Commencement Information
I4S. 10 in force at 1.1.2005, see s. 10(10)
(1)In section 6AA(2) of the Hydrocarbon Oil Duties Act 1979 (c. 5) (excise duty on biodiesel) after paragraph (b) add—
“(c)for the production of bioblend.”
(2)This section shall come into force on 1st January 2005.
Commencement Information
I5S. 11 in force at 1.1.2005, see s. 11(2)
(1)For section 6A(2)(b) of the Hydrocarbon Oil Duties Act 1979 (fuel substitutes: additives and extenders) substitute—
“(b)as an additive or extender in any substance so used.”
(2)This section shall have effect in relation to anything done on or after the date on which this Act is passed.
After section 23B of the Hydrocarbon Oil Duties Act 1979 (regulation of traders in controlled oil) insert—
(1)For the purposes of Part VIII of the Customs and Excise Management Act 1979 (c. 2) (warehousing) the substances specified in subsection (4) shall be treated as if they were chargeable with duty (and therefore within the scope of section 92(1)(a) or (c) of that Act) whether or not duty is in fact chargeable.

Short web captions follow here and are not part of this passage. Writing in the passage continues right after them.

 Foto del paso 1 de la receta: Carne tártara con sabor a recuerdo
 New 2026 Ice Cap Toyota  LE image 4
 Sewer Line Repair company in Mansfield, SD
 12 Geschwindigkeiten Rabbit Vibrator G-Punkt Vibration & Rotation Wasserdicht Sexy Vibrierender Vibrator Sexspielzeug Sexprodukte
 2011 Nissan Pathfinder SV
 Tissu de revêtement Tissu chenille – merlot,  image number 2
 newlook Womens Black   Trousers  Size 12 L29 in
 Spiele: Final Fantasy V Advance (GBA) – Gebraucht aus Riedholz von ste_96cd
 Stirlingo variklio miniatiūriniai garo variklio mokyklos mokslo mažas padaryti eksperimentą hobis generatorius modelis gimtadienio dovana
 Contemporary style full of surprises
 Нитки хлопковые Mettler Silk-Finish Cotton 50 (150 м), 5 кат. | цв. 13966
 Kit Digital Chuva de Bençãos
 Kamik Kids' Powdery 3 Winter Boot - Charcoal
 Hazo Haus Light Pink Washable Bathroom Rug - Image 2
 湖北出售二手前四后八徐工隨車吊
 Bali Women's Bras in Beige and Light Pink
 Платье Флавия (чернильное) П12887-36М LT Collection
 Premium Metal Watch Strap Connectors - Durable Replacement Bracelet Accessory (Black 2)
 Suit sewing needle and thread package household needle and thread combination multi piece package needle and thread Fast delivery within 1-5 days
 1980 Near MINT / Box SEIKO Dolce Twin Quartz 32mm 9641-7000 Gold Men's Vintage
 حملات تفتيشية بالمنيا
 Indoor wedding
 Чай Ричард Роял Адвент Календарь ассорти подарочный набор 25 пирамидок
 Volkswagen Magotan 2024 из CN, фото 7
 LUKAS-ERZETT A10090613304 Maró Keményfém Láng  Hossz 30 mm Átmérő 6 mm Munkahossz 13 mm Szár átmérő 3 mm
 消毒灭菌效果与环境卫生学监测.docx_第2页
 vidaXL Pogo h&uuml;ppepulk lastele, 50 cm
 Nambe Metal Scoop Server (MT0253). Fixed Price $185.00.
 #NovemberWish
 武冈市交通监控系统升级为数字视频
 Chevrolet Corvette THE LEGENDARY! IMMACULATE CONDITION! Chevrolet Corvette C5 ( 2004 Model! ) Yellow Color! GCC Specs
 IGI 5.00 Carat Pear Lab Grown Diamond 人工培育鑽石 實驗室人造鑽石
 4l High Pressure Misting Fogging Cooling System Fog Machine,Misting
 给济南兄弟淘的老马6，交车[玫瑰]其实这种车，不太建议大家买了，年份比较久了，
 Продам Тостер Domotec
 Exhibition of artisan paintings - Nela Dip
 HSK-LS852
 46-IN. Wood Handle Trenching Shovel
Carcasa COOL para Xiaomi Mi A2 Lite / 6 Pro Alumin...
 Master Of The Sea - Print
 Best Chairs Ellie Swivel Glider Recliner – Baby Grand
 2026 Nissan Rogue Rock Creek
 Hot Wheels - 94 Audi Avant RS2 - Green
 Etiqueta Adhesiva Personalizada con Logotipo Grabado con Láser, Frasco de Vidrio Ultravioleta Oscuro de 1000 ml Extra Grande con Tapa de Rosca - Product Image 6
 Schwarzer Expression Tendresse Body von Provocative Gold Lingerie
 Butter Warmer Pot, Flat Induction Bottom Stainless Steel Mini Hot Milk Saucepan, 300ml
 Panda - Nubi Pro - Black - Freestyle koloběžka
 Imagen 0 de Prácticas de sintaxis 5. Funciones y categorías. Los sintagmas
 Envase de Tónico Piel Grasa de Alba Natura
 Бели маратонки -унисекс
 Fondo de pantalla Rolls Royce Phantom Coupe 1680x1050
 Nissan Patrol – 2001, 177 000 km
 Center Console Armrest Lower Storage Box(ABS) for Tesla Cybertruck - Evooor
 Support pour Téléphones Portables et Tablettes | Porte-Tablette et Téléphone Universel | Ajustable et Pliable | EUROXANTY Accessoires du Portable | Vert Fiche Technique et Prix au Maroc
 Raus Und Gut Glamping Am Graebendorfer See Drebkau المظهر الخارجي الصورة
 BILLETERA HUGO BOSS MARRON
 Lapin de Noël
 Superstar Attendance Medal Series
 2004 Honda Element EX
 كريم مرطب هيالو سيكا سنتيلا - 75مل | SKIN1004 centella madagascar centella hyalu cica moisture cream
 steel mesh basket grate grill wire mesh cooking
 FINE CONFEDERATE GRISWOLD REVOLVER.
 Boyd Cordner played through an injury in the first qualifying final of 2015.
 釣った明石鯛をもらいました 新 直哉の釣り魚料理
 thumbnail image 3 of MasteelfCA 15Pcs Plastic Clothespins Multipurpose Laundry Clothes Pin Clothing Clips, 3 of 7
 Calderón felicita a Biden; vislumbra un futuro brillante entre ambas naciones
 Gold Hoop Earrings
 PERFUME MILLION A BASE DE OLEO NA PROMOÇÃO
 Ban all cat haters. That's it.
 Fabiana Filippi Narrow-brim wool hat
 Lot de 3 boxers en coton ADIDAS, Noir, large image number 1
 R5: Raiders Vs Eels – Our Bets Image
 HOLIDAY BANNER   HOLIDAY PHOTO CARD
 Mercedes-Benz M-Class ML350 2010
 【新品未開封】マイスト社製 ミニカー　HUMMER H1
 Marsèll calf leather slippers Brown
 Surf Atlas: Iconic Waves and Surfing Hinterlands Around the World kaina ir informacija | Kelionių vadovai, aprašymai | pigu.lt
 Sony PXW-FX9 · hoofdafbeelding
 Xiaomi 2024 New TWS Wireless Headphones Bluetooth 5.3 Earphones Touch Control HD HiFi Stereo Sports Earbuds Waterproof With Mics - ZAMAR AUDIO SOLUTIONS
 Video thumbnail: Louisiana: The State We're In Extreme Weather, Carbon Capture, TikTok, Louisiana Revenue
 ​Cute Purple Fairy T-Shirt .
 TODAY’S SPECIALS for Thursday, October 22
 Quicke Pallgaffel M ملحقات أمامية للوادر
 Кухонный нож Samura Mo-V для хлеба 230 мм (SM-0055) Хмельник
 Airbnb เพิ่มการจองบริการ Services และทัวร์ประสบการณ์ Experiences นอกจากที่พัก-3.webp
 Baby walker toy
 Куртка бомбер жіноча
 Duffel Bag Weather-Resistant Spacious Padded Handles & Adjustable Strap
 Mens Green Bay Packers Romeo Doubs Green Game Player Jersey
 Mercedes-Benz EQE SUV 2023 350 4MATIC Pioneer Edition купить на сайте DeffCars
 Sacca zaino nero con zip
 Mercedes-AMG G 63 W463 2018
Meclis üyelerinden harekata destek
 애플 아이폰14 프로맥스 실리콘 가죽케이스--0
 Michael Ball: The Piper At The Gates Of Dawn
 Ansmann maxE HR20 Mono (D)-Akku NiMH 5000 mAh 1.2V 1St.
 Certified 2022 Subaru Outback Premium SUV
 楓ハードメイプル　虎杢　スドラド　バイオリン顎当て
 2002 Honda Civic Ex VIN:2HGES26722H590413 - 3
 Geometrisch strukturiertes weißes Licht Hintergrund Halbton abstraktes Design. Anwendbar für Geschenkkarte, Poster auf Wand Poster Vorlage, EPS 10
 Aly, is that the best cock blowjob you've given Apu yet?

(2)The Commissioners may make regulations under section 93 of that Act (warehousing regulations) that relate to a substance specified in subsection (4).
(3)In respect of a substance specified in subsection (4) which has been or is to be deposited in an excise warehouse by virtue of subsection (2), the Commissioners may—
(a)treat the substance, or make provision by regulations for treating the substance, as if duty were chargeable in relation to it by virtue of a specified enactment;
(b)make any regulations, or do any other thing, of a kind that they could make or do (whether or not by virtue of a provision of Part VIII of that Act) in respect of a substance deposited in an excise warehouse under Part VIII of that Act.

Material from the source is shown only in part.